Little and Big: Celebration in Community

I gotta tell you, I am struggling with feeling disconnected today. We’ve been stuck home since the first week in March and I miss being with my friends. I miss sharing with them the little and big things we’re up to. Now, we do our zoom calls, and we text and email, and even occasionally see each other for a birthday car parade thing, but I miss the regular updates on how life is going.

This may sound selfish, but I miss having people alongside me who know the details of my life and can help me celebrate the wins, big and small. Maybe it’s not so selfish because I miss doing that for them too. I miss being able to casually mention that I’m struggling with a section of this book and then having someone ask about it a few weeks later, when that struggle has been overcome and forgotten. I miss being able to watch a friend’s toddler move into little kid-ness and celebrating that they aren’t attached 24/7 anymore.

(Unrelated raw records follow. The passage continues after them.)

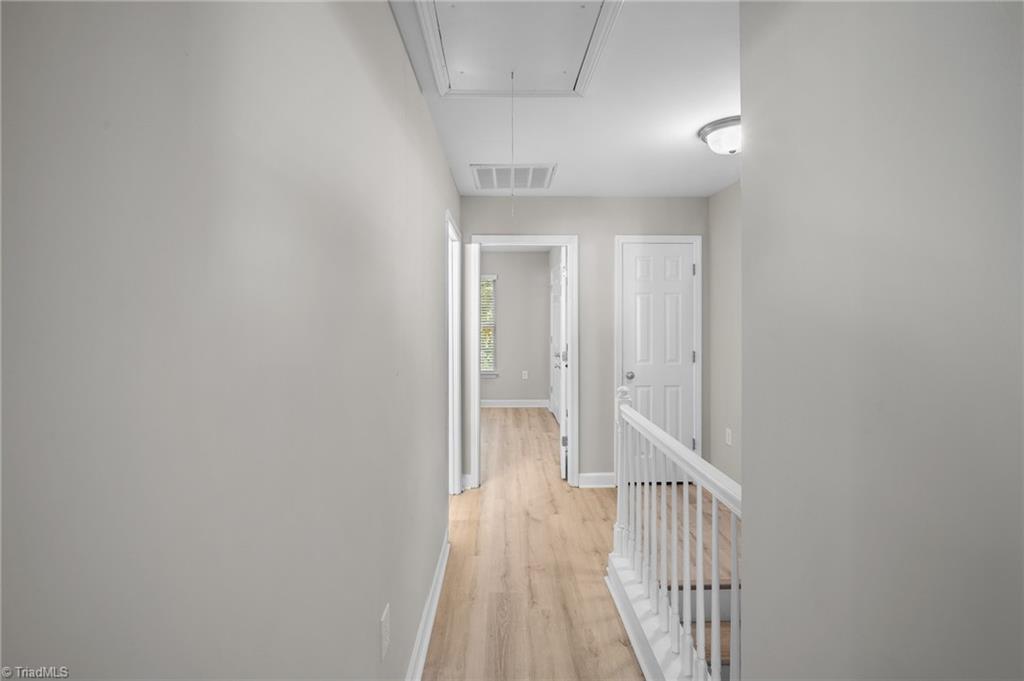 Upstairs hallway with light wood flooring, white stair railing, and multiple doorways.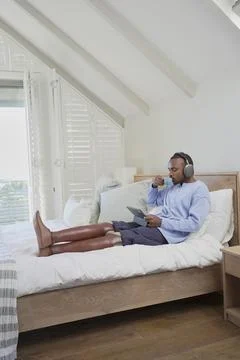 Man with leg prosthesis sitting on bed Stock Photos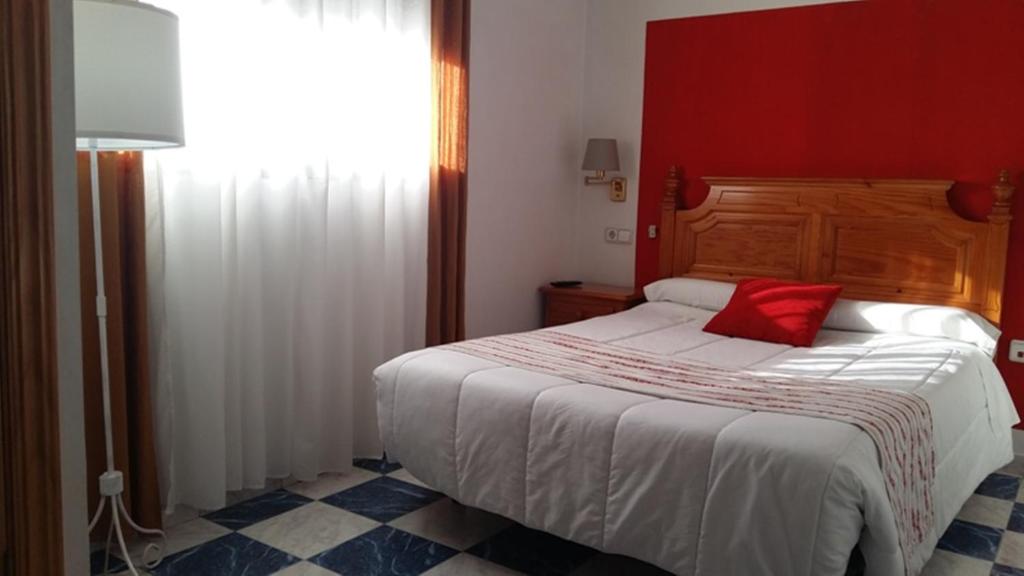 Postel nebo postele na pokoji v ubytování Hotel Corona de Atarfe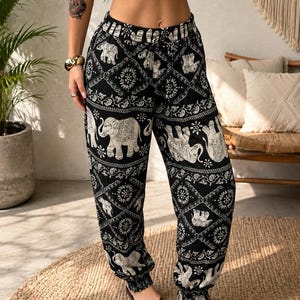 May include: Black and white joggers featuring a repeating pattern of elephants and intricate geometric diamond shapes. The trousers have an elasticated waistband with a drawstring tie and elasticated cuffs at the ankles, providing a relaxed fit.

Celebration is one the best ways we have to leverage our connections to make each other’s lives better through community. When we’re connected to people, we know their story – we know what’s easy, and what’s hard, what’s been in the works forever and what’s taking their lives by storm. And then, as informed outsiders, we get the privilege of noticing and calling out the good.

How often do we brush off successes? How often do struggles taper out over time until they’re forgotten? We need people to celebrate us, to help us see how far we’ve come and how our hard work has paid off. Community can give us that. And as members of community, we can give that to others.

This celebration can look as varied as the people we know. But it needs to include noticing a good thing, calling it out in some fashion, and using it to encourage or bolster that person. The good thing can be as conventionally celebrate-able as a wedding or a promotion or as uniquely wonderful as a beautifully laid table that took care and attention. The most important part of celebration is to not let the other person attribute success to luck or put down their efforts. We need to help them see what we already see in them. Their work has value, they have something to offer the world, and we are thankful that they are willing to share their gifts with us.

So, yeah, I miss that. How could I not?

What are you able to celebrate today, for yourself or someone else?